ASSIGNMENT. Every line from the one holding "Nap Time - Large" through the one holding "2019 Модный меховой" in the data below must be returned exactly, both ends included, with pictures left out and nothing else added.

Segment Start: GIVEN ENTRIES

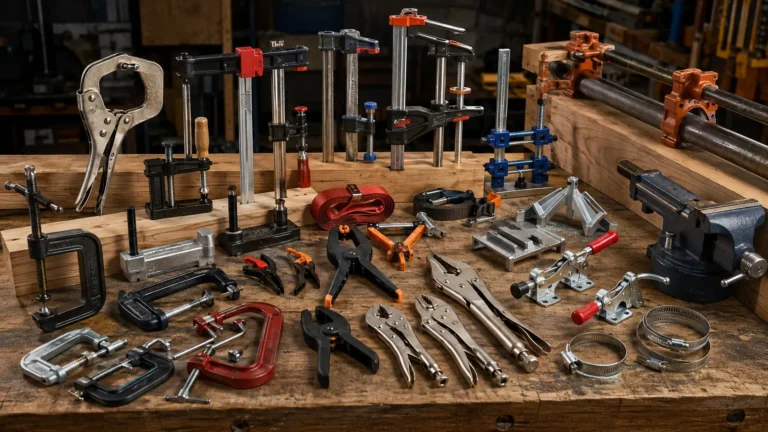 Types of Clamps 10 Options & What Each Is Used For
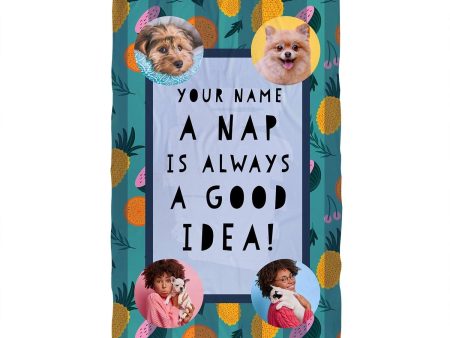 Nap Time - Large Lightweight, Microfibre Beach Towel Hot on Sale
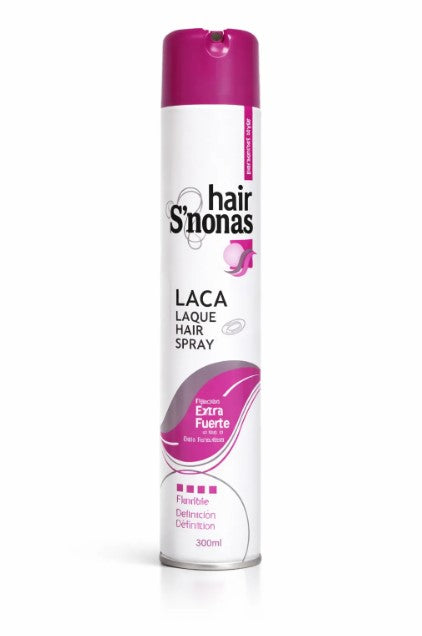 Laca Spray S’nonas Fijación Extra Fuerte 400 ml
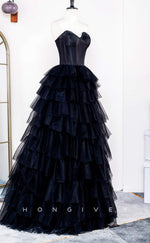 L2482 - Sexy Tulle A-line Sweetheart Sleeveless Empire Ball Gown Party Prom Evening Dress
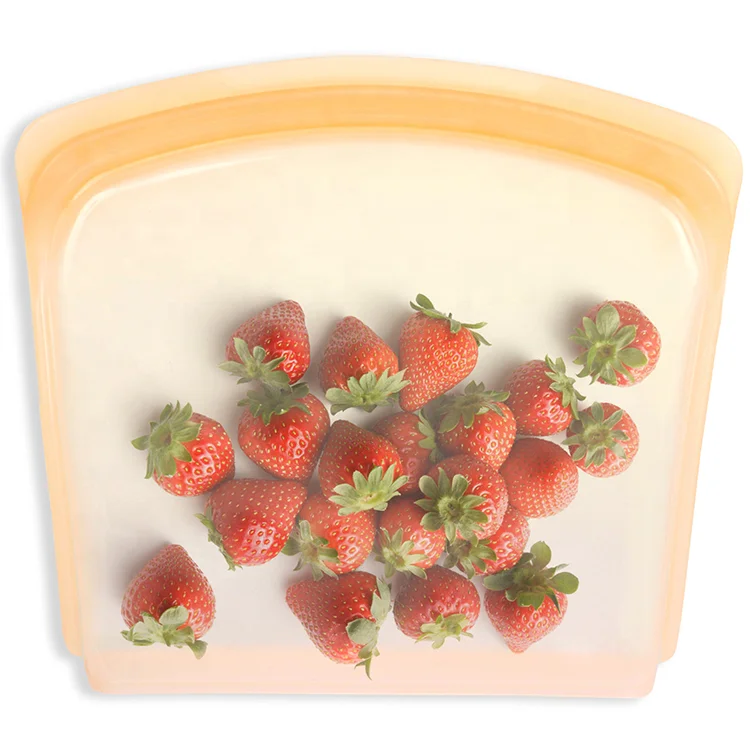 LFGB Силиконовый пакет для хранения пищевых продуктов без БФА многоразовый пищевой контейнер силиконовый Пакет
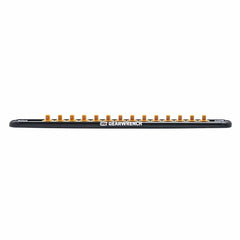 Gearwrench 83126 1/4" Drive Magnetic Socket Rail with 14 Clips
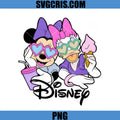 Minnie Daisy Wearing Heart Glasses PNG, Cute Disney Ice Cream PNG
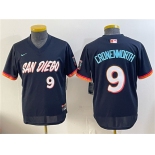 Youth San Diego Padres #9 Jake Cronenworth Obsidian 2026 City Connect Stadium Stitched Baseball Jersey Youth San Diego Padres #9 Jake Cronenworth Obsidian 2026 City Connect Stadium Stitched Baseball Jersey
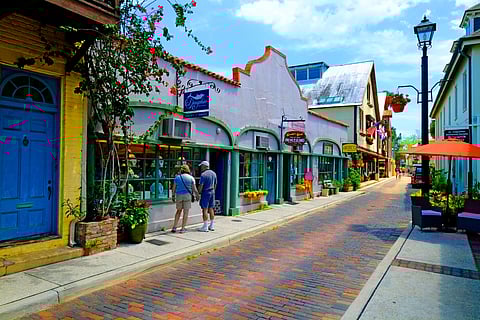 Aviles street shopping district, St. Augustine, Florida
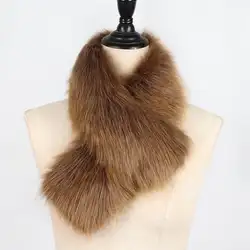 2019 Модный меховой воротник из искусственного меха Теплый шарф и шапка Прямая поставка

Segment End: GIVEN ENTRIES
Segment Start: GIVEN ENTRIES

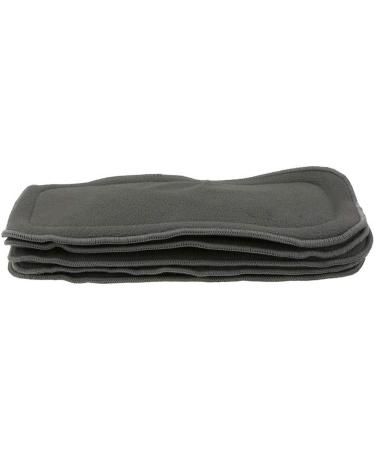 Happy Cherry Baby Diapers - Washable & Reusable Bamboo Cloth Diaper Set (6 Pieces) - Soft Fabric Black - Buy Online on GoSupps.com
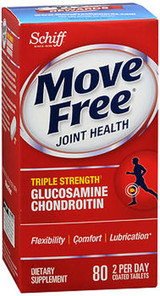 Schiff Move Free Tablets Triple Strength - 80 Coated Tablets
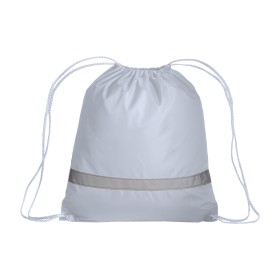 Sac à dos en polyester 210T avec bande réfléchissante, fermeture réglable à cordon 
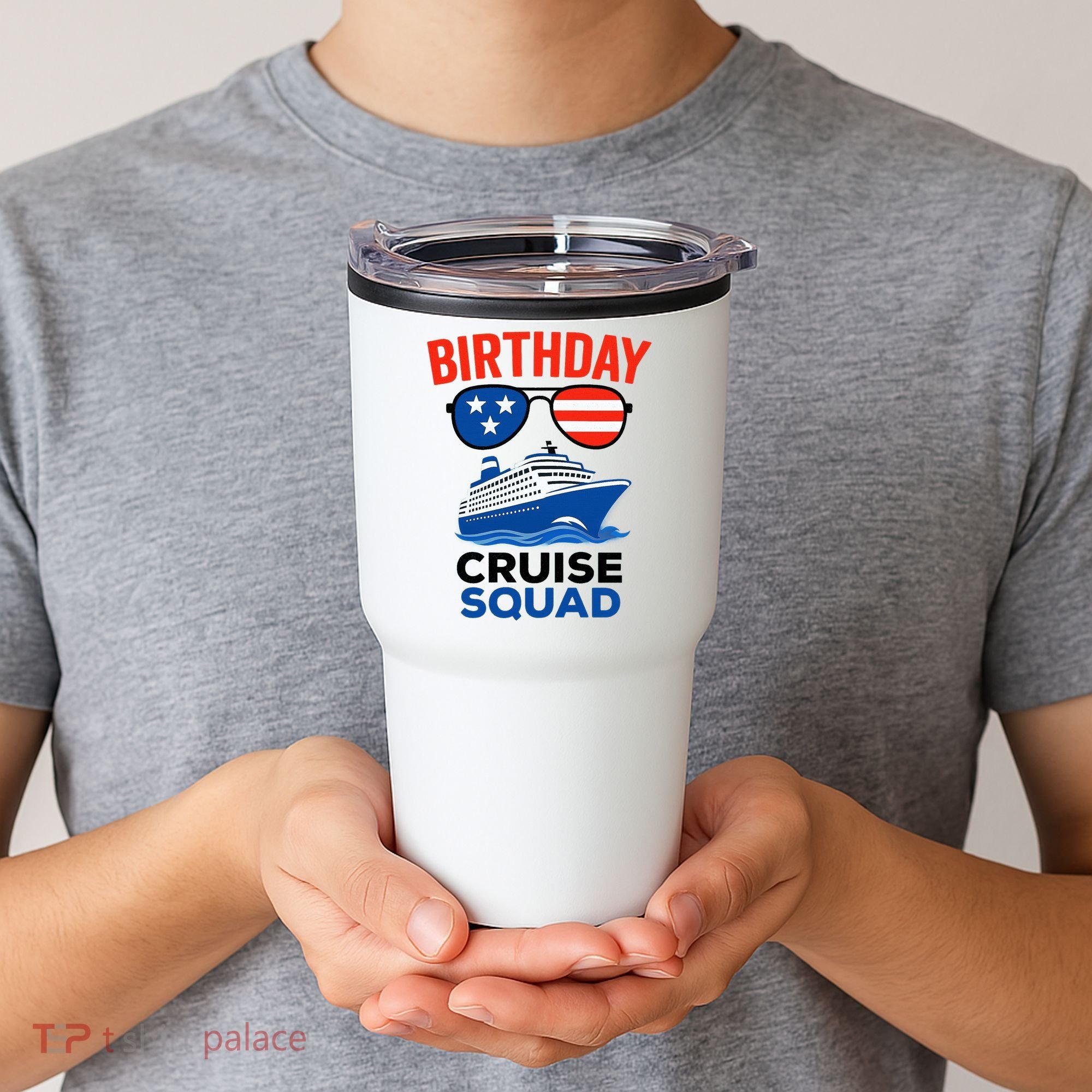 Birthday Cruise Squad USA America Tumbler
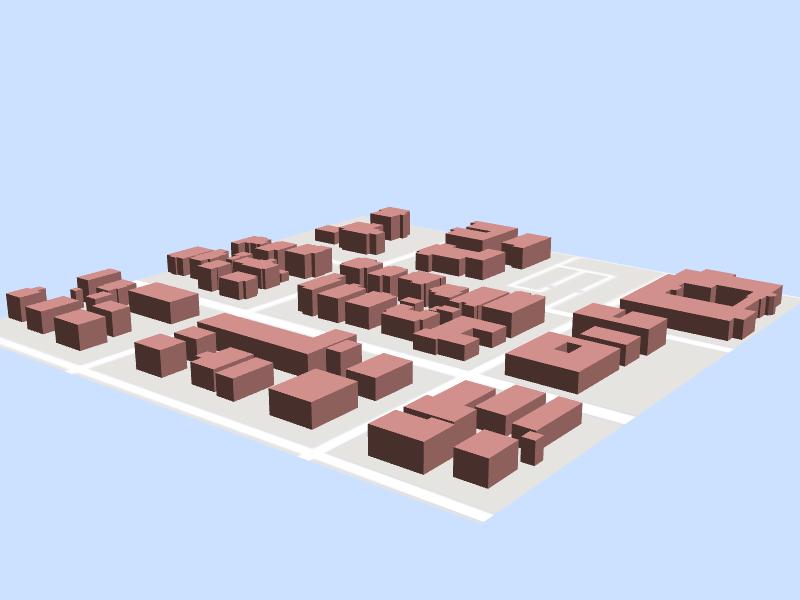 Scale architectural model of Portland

Segment End: GIVEN ENTRIES

RESULT OF THE TASK.
 Nap Time - Large Lightweight, Microfibre Beach Towel Hot on Sale
 Laca Spray S’nonas Fijación Extra Fuerte 400 ml
 L2482 - Sexy Tulle A-line Sweetheart Sleeveless Empire Ball Gown Party Prom Evening Dress
 LFGB Силиконовый пакет для хранения пищевых продуктов без БФА многоразовый пищевой контейнер силиконовый Пакет
 Gearwrench 83126 1/4" Drive Magnetic Socket Rail with 14 Clips
 Minnie Daisy Wearing Heart Glasses PNG, Cute Disney Ice Cream PNG
 Youth San Diego Padres #9 Jake Cronenworth Obsidian 2026 City Connect Stadium Stitched Baseball Jersey Youth San Diego Padres #9 Jake Cronenworth Obsidian 2026 City Connect Stadium Stitched Baseball Jersey
 Aviles street shopping district, St. Augustine, Florida
 2019 Модный меховой воротник из искусственного меха Теплый шарф и шапка Прямая поставка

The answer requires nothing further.